We also ran the benchmark offered by the game Thief to get a real world idea of the performance gains. We used the Very High settings for our runs that concluded in less time than our standard 120 second runs. One must note that Thief is slightly unreliable as a benchmark due to inconsistency in results across various runs. That said we got an improvement of about 18-19 fps on average with a very slightly lower 99th percentile frametime, which is brilliant.

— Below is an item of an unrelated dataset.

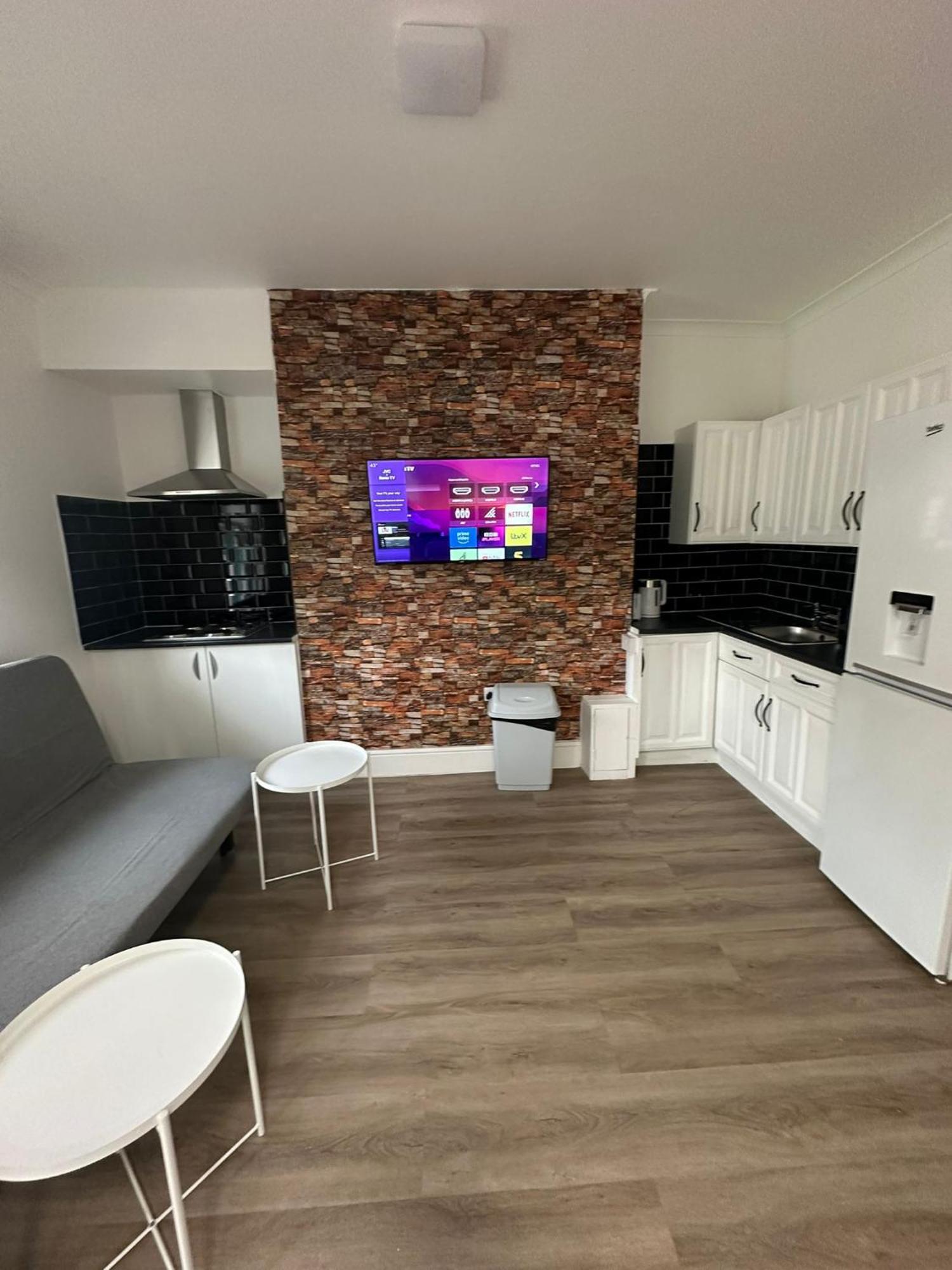Suli House- Holiday Flats & En-Suite-Families And Couples Only *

With NVIDIA’s GeForce Experience, the card can support features like Shadowplay and game streaming. NVIDIA has also purposed this application for keeping its drivers up to date and ships only the installer for it with the GPU, expecting the consumer to download the latest driver. The card’s LED strip can also be controlled to display some cool effects. The new card also lets one use a technique called Dynamic Super Resolution that can be used to enhance the visual quality of shoddy console ports.

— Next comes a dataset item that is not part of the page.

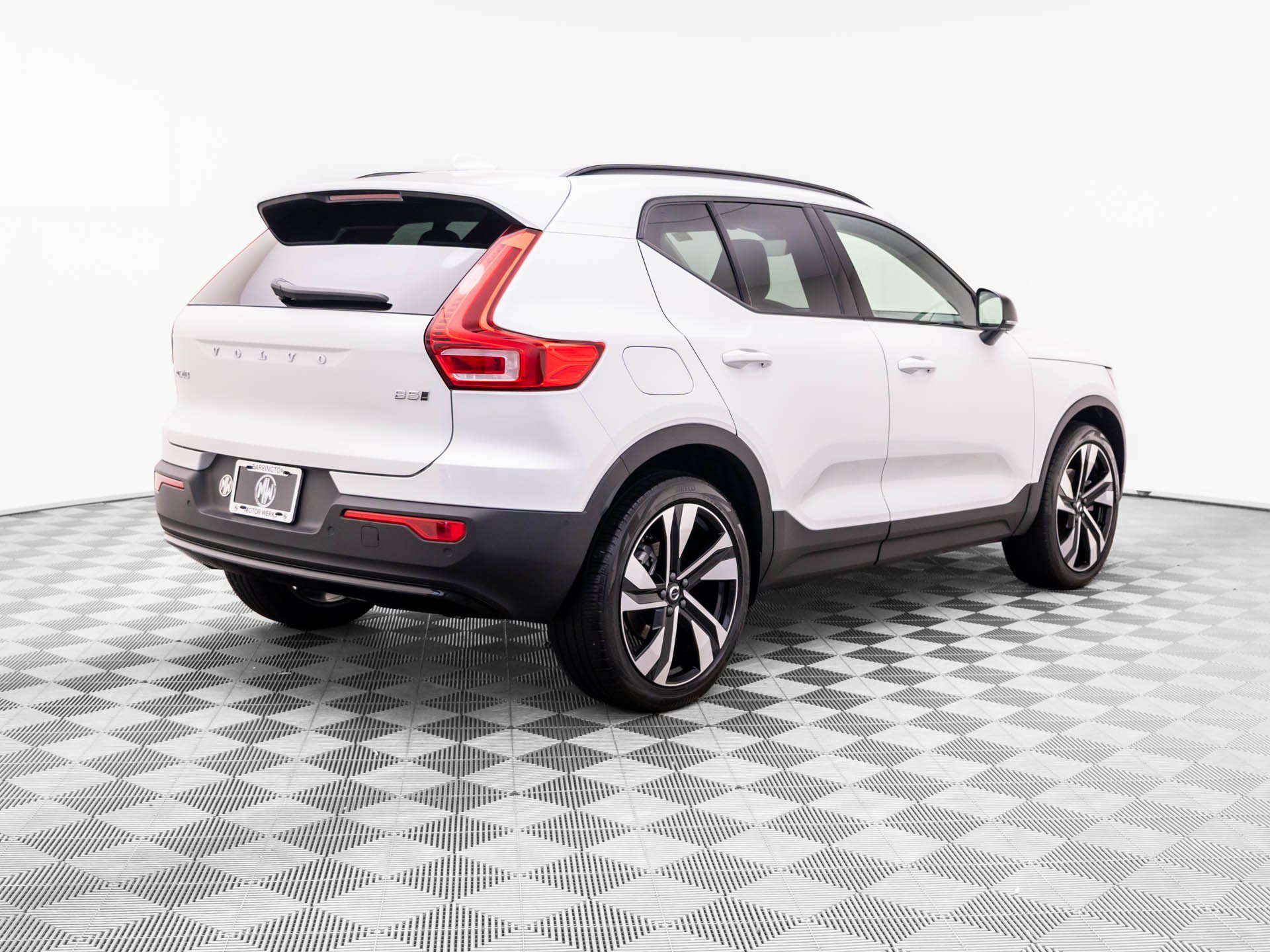Used 2023 White Volvo Ultimate image 6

With the GTX 980 Ti, NVIDIA have a really compelling flagship proposition that’s also somewhat reasonably priced. We were surprised at how close it was to the GTX Titan X in performance which only adds to the list of negatives of the latter GPU. The generous 6GB RAM should come in handy when pushing newer games at 4k resolutions.
The ageing NVIDIA cooler design comes with its share of flaws compounded by the rather hot running GM200 chip. This can mean a really hot card running inside the case in the absence of a custom cooling solution. The lack of a heat sheath on top also exposes the PCB to the elements. The stock cooler is a passable design and has a lot of scope for improvement.
The overclocking performance of the card blew us away and we believe this adds serious value to the card given that it can potentially trounce the costlier GTX Titan X once overclocked. The most touted point about the Maxwell parts is the power efficiency, though this card doesn’t quite match its other Maxwell brethren in this area. Despite this, the sweet pricing point of the card and it’s significant performance gain over the GTX 980, both combine to give it tremendous value at the top end of the GPU spectrum. We award this card the iLLGaming Gold and the iLLGaming Editor’s Choice looking at all of its aspects.
We are extremely grateful to NVIDIA for providing us with a test sample for reviewing.
+Good Value for Money
-Stock cooler design isn’t very efficient.